INFORMATION SHOWN:

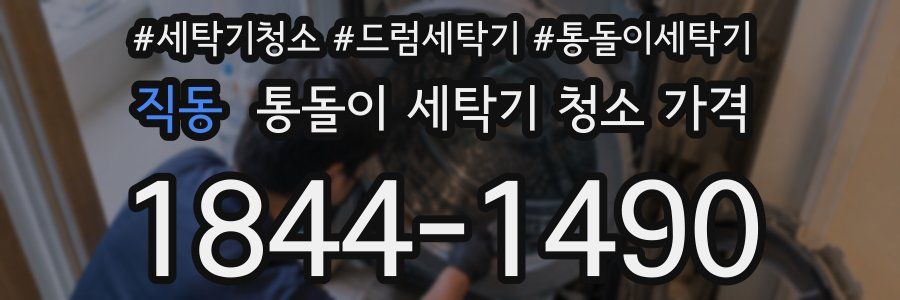 직동 통돌이 세탁기 청소 가격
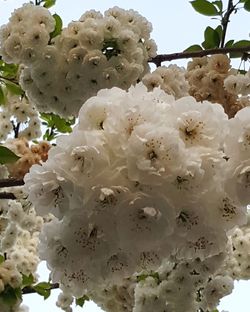 Low angle view of white flowers blooming on tree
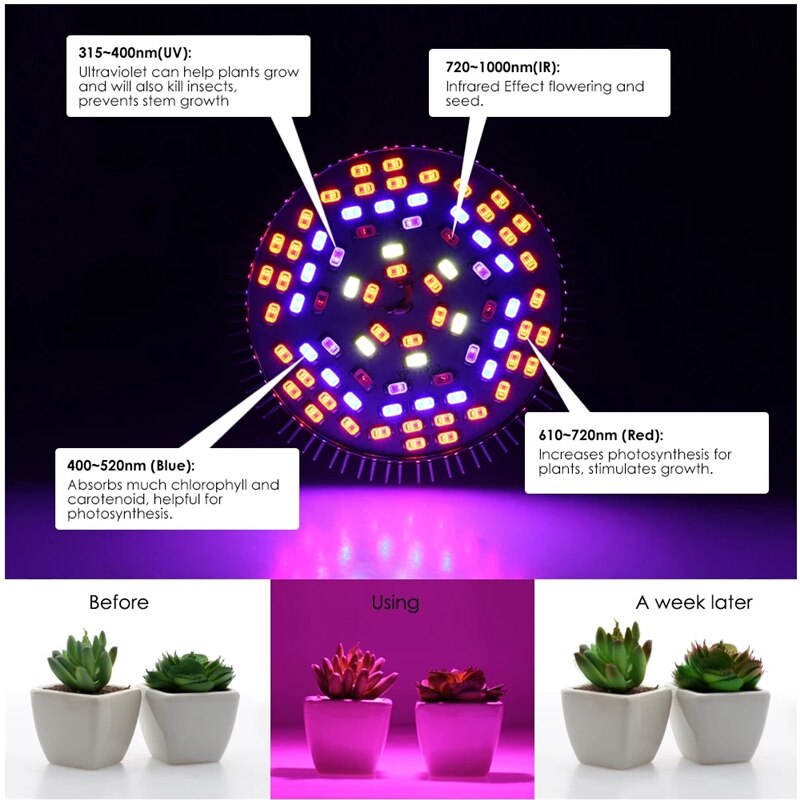 Led Grow Light Volledige Spectrum 10W 30W 50W 80W E27 A85-265V Led Groeiende Lamp Voor Indoor hydrocultuur Bloemen Planten Led Groei Lamp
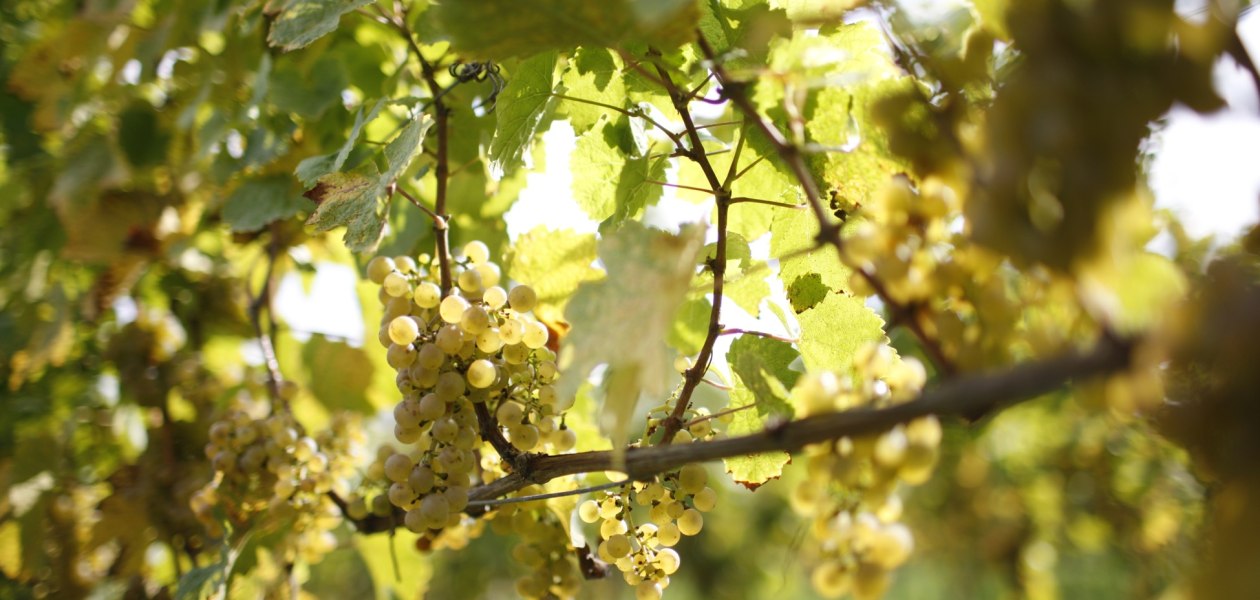Weingut Winter_Traube, &copy; Weingut Winter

WHAT THE EXERCISE ASKS:
Everything from the line containing "Led Grow Light" to the last line of the listing above is to be written out exactly, except the pictures, and nothing else.

ANSWER TO THIS PROBLEM:
 Led Grow Light Volledige Spectrum 10W 30W 50W 80W E27 A85-265V Led Groeiende Lamp Voor Indoor hydrocultuur Bloemen Planten Led Groei Lamp
Weingut Winter_Traube, &copy; Weingut Winter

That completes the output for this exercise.